Directions for this task
Nothing but the lines below, from the first through the line containing "Room, 2 Queen", should be set down, each one exactly and without pictures.

[Start of section]

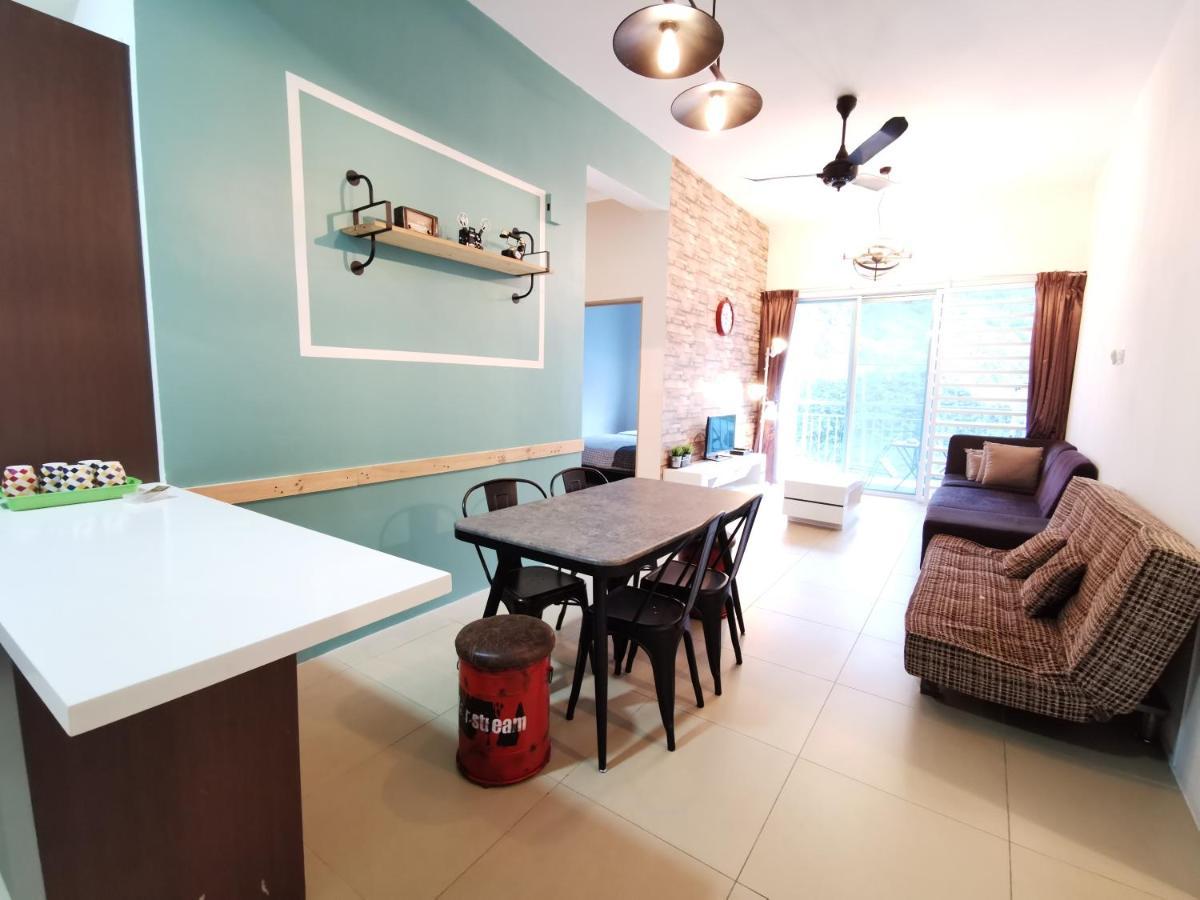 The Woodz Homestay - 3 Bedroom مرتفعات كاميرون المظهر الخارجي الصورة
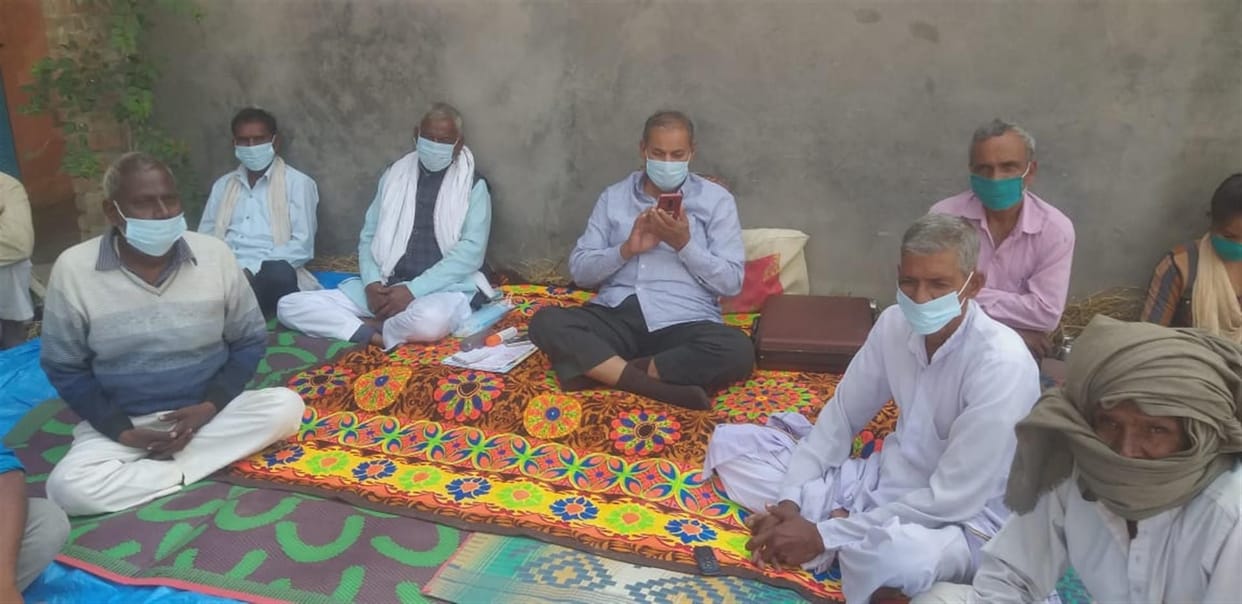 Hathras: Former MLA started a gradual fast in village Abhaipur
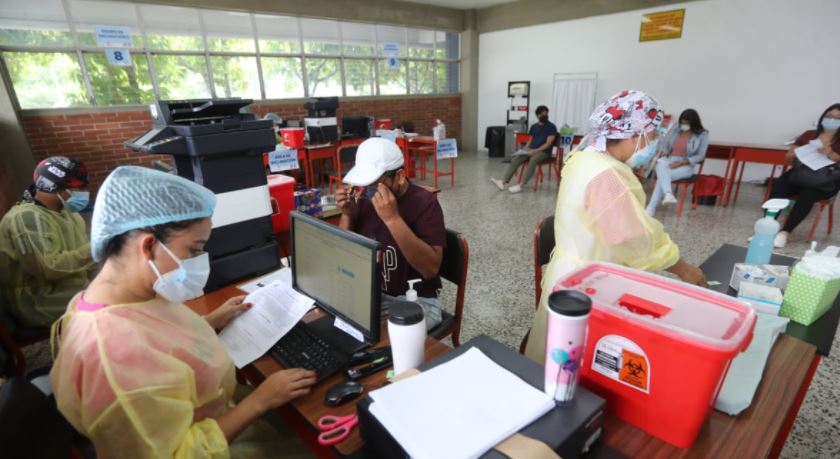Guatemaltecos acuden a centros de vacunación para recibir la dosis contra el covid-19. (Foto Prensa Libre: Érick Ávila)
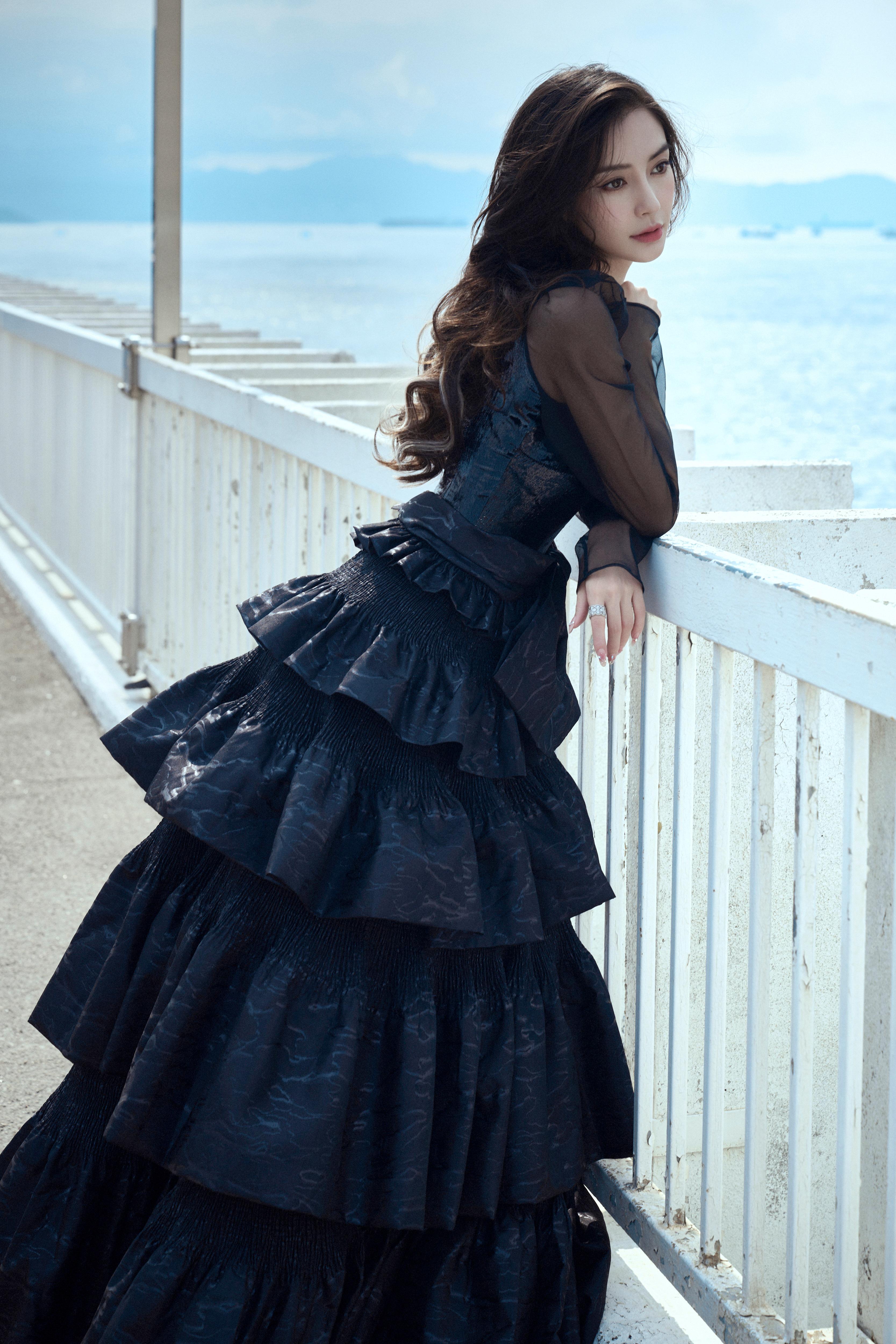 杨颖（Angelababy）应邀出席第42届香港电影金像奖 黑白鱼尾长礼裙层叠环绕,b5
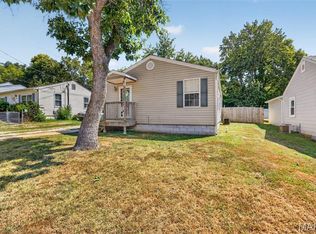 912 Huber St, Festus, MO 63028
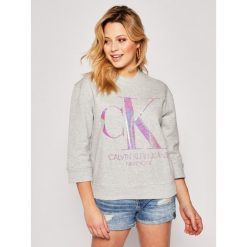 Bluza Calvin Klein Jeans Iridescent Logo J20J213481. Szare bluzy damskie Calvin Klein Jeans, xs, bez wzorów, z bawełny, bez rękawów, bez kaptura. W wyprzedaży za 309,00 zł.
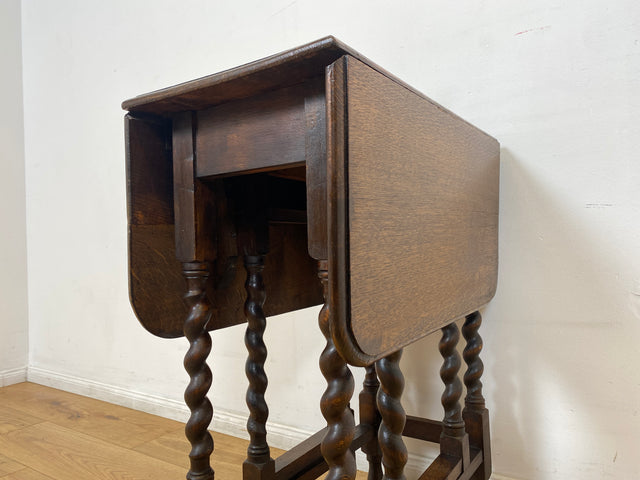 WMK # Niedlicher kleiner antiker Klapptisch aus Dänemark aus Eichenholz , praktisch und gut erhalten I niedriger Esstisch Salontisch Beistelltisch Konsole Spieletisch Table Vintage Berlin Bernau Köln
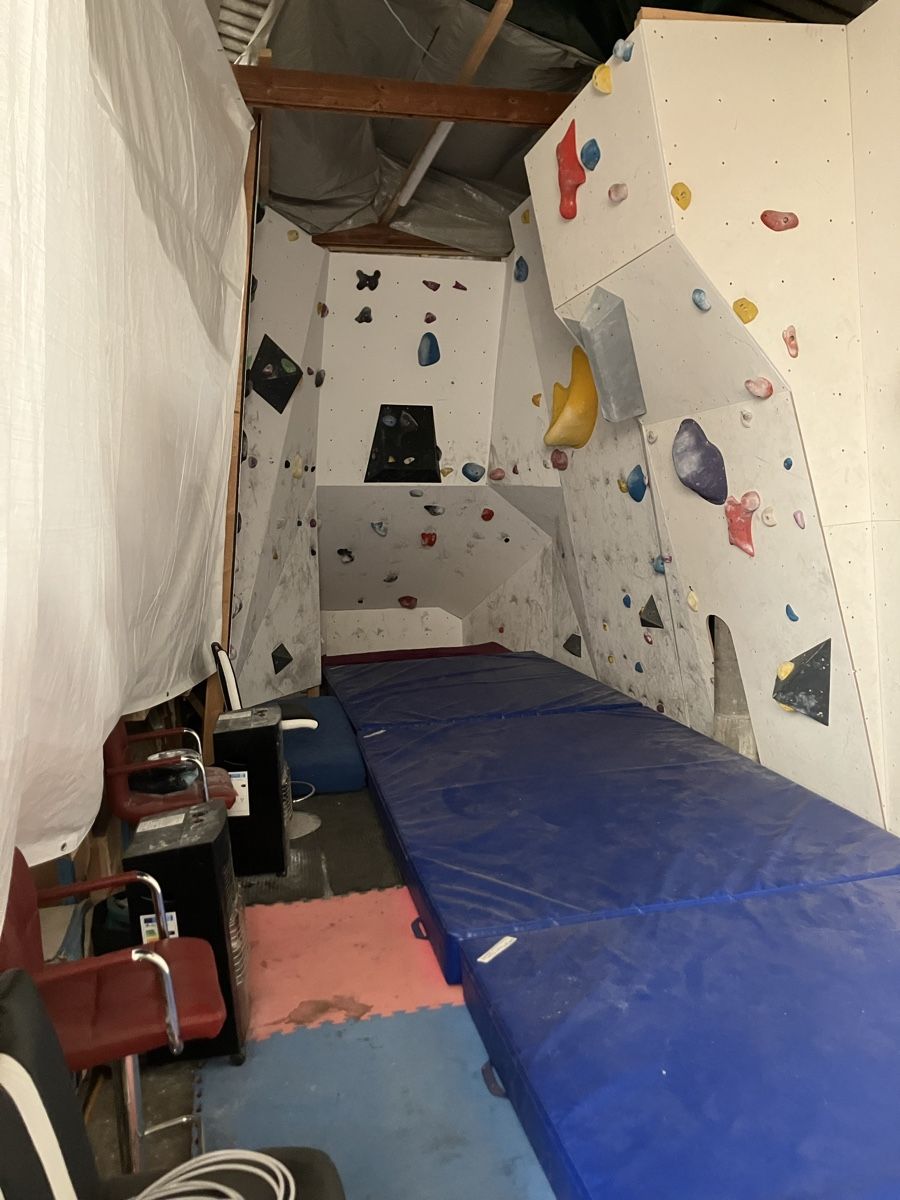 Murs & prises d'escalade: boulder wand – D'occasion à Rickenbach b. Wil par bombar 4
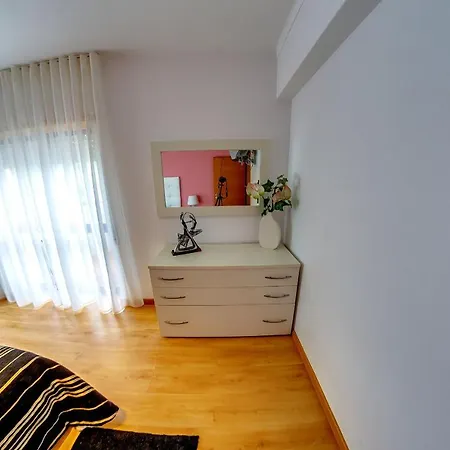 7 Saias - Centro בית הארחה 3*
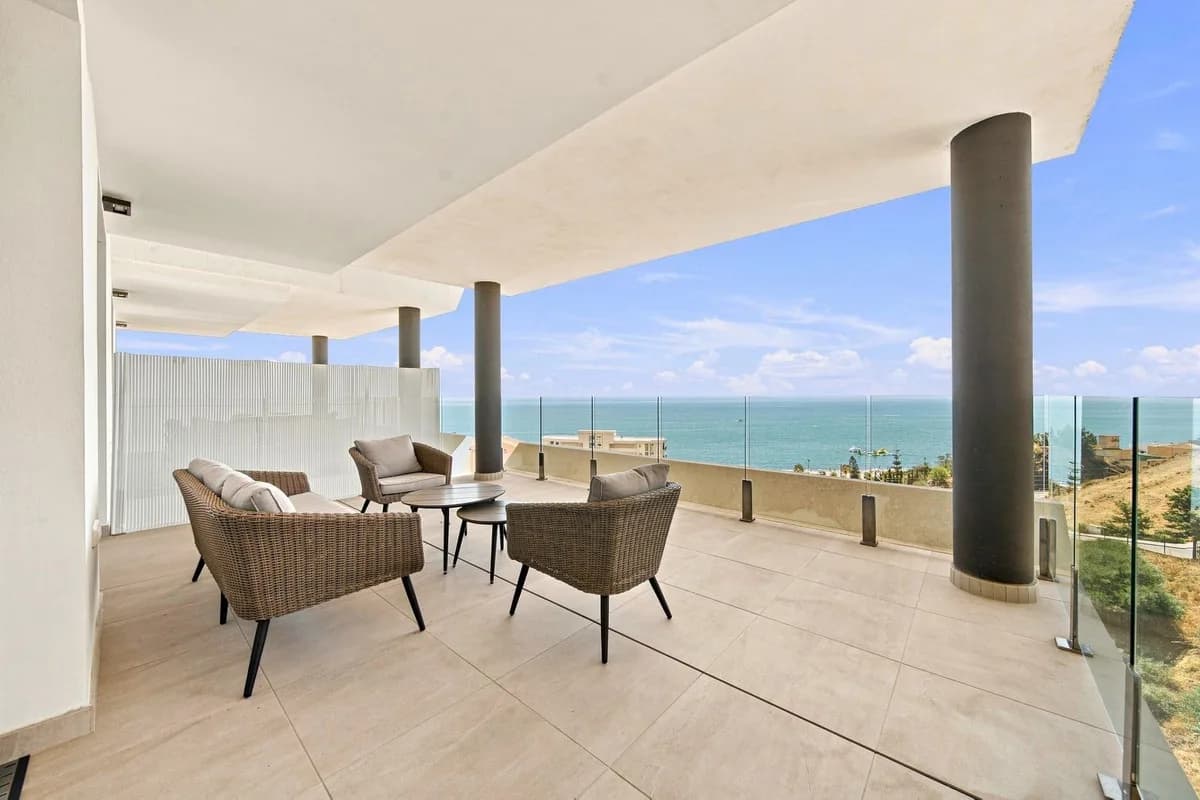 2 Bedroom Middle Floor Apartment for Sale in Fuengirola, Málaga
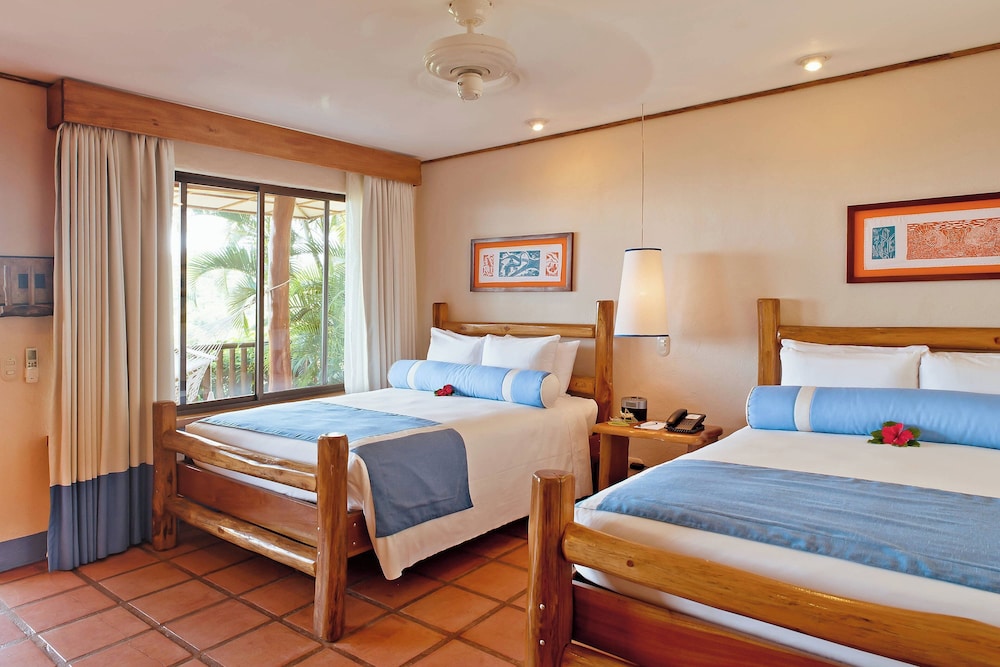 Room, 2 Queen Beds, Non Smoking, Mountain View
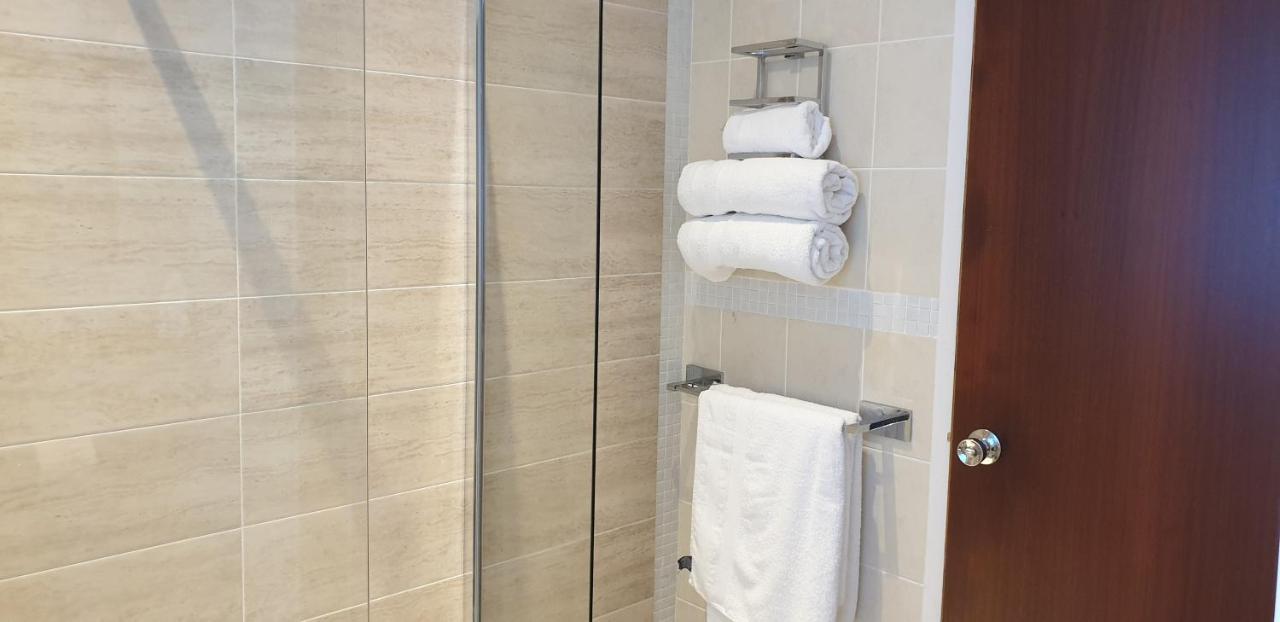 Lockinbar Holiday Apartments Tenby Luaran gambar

[End of section]

Solution for this task
 The Woodz Homestay - 3 Bedroom مرتفعات كاميرون المظهر الخارجي الصورة
 Hathras: Former MLA started a gradual fast in village Abhaipur
Guatemaltecos acuden a centros de vacunación para recibir la dosis contra el covid-19. (Foto Prensa Libre: Érick Ávila)
 杨颖（Angelababy）应邀出席第42届香港电影金像奖 黑白鱼尾长礼裙层叠环绕,b5
 912 Huber St, Festus, MO 63028
 Bluza Calvin Klein Jeans Iridescent Logo J20J213481. Szare bluzy damskie Calvin Klein Jeans, xs, bez wzorów, z bawełny, bez rękawów, bez kaptura. W wyprzedaży za 309,00 zł.
 WMK # Niedlicher kleiner antiker Klapptisch aus Dänemark aus Eichenholz , praktisch und gut erhalten I niedriger Esstisch Salontisch Beistelltisch Konsole Spieletisch Table Vintage Berlin Bernau Köln
 Murs & prises d'escalade: boulder wand – D'occasion à Rickenbach b. Wil par bombar 4
 7 Saias - Centro בית הארחה 3*
 2 Bedroom Middle Floor Apartment for Sale in Fuengirola, Málaga
 Room, 2 Queen Beds, Non Smoking, Mountain View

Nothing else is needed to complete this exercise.